Williams indeed sought a higher profile in Washington and Northern Virginia, implementing a marketing vision that saved the franchise. Seven other major-league clubs use their nicknames on their road jerseys. Nowhere else is it a concern.
Still, paranoid as they might sound, Baltimore fans are essentially correct in believing that Williams and Jacobs had little regard for their interests. With one stroke, Angelos can score a public-relations coup with his core audience. Washington would get over it.
* Call it "Camden Yards."
Not Oriole Park at Camden Yards, the eight-syllable abomination that resulted from the feud between Jacobs and Gov. Schaefer over the name of the new ballpark.
Jacobs wanted Oriole Park, Schaefer preferred Camden Yards, and OPACY was the outcome. Camden Yards was, and is, the better name. No one calls the place Oriole Park except the club's radio and TV announcers, who don't have a choice.
Why change it? Because the OPACY compromise represented the height of Jacobs' arrogance. Yes, the lease agreement stated that the ballpark would be named jointly by the governor and the owner. But Schaefer persuaded the state to build the park, a fact Jacobs conveniently ignored.
No one knows why Jacobs was so adamant -- the royalties are believed to be minimal. Angelos appears fond of Schaefer, and the governor's ego always needs stroking. Under terms of the sale, the new owners probably can't rename Eli Jacobs Plaza. Fine, just take a red pencil to "Oriole Park."

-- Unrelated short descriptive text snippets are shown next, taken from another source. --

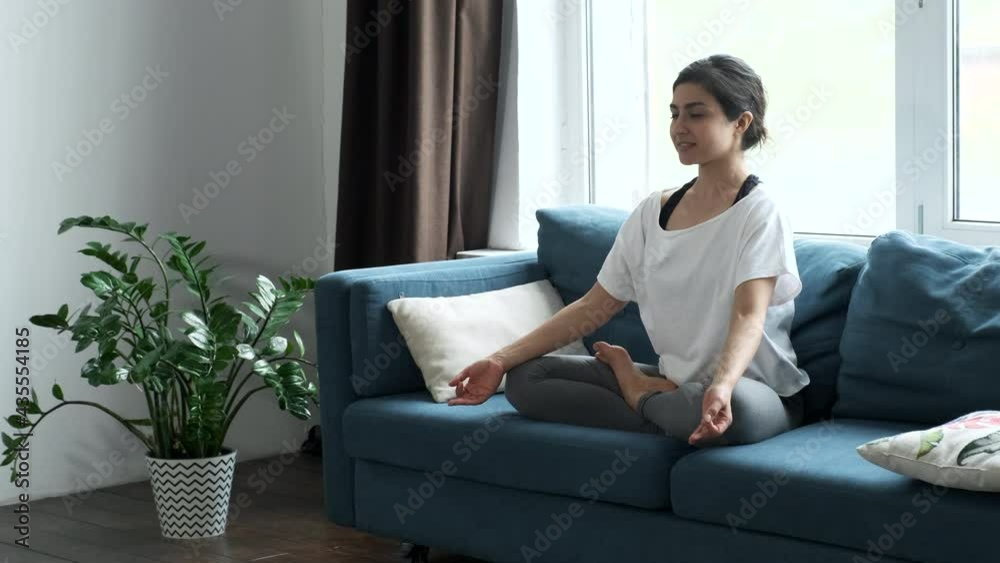 A Young Indian Woman Is Doing Yoga At Home, Sitting on a Sofa in Lotus Position in a Bright Room with Beautiful Furniture Around, The Girl Is Dressed in a White T-Shirt and Leggings A Young Indian Woman Is Doing Yoga At Home, Sitting on a Sofa in Lotus Position in a Bright Room with Beautiful Furniture Around, The Girl Is Dressed in a White T-Shirt and Leggings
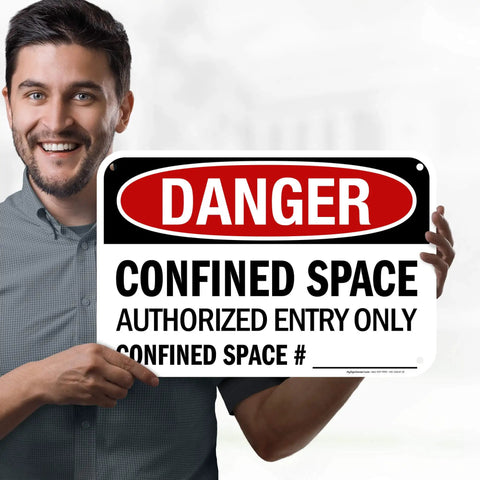 Man holding a warning sign stating 'Danger Confined Space Authorized Entry Only' for safety in restricted areas.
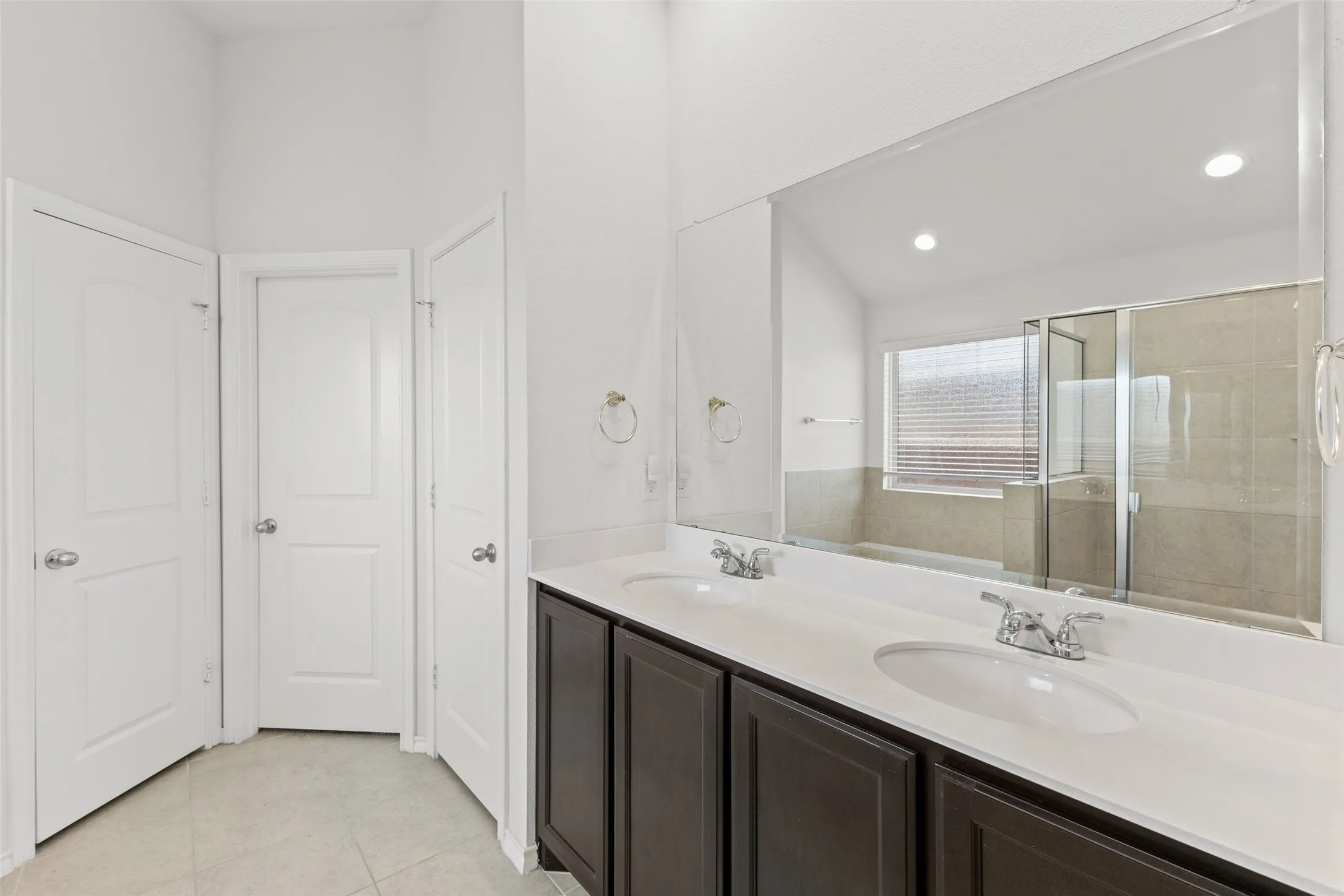 Primary bathroom has double sinks, separate shower and tub, plus a linen closet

* Schedule more day games.
It doesn't take much to become known as a baseball visionary, but this is one way for Angelos to leave his mark. True, the Orioles sell out nearly every game, and even without the two expansion teams, major-league attendance is up almost 10 percent.
Still, the sport needs more young fans.
On Thursday, there were 10 day games, the most this season in the majors. The average attendance (29,460) was lower than the overall average (31,510), but if you take away a crowd of 14,702 in San Diego, it would have been greater.
Why can't the Orioles play afternoon games on all Saturdays and at least one weekday per homestand? Granted, it's dangerous to tinker with attendance booming, but the long-term impact would make it worthwhile.
* Hold down ticket prices.
If only for one season. Jacobs issued three price hikes in four years, a fine show of appreciation for the taxpayers who built the Orioles a stadium and the fans who helped them set attendance records.
No one begrudges an owner's right to make money, but a $28 million operating profit in a publicly financed ballpark without a dramatic improvement in the standings? That's taking advantage.
None of this is Angelos' fault. In fact, his ownership probably can make a valid argument for raising prices, what with ticket demand soaring, revenue sharing coming and television money declining.
That said, the fans still deserve a break. The loss of additional income would hurt, but there's no better way for Angelos to gain popular support. This way, if he asked for an increase in 1995, the fans might even understand.
It's all about credibility.
Something that has been missing from Orioles ownership for too long.